While domestic trade increased by 6 percent to 19.2 million metric tons over last year, overall tonnage still lags 3 percent below average. International trade of 5.9 million tons is 8 percent less than last year, largely due to an 11 percent decrease in grain shipments.
Harsh winter weather and subsequent floods hampered rail and truck deliveries of grain to the port earlier in the shipping season, but a good fall harvest should make up for the spring slowdown, says Ray Skelton, Seaway Port Authority environmental and government affairs director.
The increase in domestic shipments can be explained in part by a growing demand for low-sulfur coal from Montana and Wyoming, Skelton says. Shipments of limestone and similar products are also increasing, he adds. Nevertheless, iron ore still tops the cargo list at 45 percent of all shipments, followed by coal at 35 percent and grain at 9 percent through September.
Some changes may be in store down the road for Great Lakes shipping overall and the port of Duluth in particular. Congress is looking at two pieces of legislation: One calls for a binational commission of Canadian and U.S. maritime officials to operate the St. Lawrence Seaway, streamline regulations and ultimately reduce shipping costs. The other initiative involves making operation of the seaway accountable to taxpayers by tying the budget to performance goals.

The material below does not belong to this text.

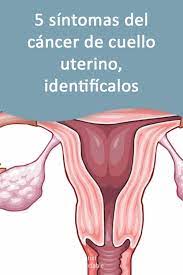 Obtén más información sobre los síntomas, las causas, la prevención y el tratamiento. Cancer De Cuello De Matriz Sintomas De Un Tumor Canceroso En El Utero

Locally, the two-year project to demolish two grain elevators along the harbor has begun. When the elevators have been removed, the port authority will have access to a 27-foot-deep channel that can handle from 6,000 to 10,560 additional tons of cargo, depending on the type of vessel. If the demand for coal continues, Skelton says, this additional harbor capacity could be important in the future.